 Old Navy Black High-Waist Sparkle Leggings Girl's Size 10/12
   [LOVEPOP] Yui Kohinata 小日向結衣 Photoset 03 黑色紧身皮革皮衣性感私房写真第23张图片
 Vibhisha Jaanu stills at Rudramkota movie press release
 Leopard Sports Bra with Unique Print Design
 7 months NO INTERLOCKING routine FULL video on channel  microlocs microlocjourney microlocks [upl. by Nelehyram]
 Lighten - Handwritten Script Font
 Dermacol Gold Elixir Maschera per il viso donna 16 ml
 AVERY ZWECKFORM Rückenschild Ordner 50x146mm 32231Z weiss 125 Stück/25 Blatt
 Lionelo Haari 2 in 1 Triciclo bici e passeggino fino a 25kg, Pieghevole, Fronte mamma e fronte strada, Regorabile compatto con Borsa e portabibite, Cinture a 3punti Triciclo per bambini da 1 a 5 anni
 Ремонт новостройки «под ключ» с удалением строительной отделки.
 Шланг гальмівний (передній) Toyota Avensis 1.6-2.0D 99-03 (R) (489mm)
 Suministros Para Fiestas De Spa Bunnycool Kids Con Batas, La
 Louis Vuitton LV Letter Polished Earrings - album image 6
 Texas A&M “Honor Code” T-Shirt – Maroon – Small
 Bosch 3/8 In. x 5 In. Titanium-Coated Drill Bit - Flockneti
**********
Copy out all of the data. Keep every word unchanged.

 Old Navy Black High-Waist Sparkle Leggings Girl's Size 10/12
   [LOVEPOP] Yui Kohinata 小日向結衣 Photoset 03 黑色紧身皮革皮衣性感私房写真第23张图片
 Vibhisha Jaanu stills at Rudramkota movie press release
 Leopard Sports Bra with Unique Print Design
 7 months NO INTERLOCKING routine FULL video on channel  microlocs microlocjourney microlocks [upl. by Nelehyram]
 Lighten - Handwritten Script Font
 Dermacol Gold Elixir Maschera per il viso donna 16 ml
 AVERY ZWECKFORM Rückenschild Ordner 50x146mm 32231Z weiss 125 Stück/25 Blatt
 Lionelo Haari 2 in 1 Triciclo bici e passeggino fino a 25kg, Pieghevole, Fronte mamma e fronte strada, Regorabile compatto con Borsa e portabibite, Cinture a 3punti Triciclo per bambini da 1 a 5 anni
 Ремонт новостройки «под ключ» с удалением строительной отделки.
 Шланг гальмівний (передній) Toyota Avensis 1.6-2.0D 99-03 (R) (489mm)
 Suministros Para Fiestas De Spa Bunnycool Kids Con Batas, La
 Louis Vuitton LV Letter Polished Earrings - album image 6
 Texas A&M “Honor Code” T-Shirt – Maroon – Small
 Bosch 3/8 In. x 5 In. Titanium-Coated Drill Bit - Flockneti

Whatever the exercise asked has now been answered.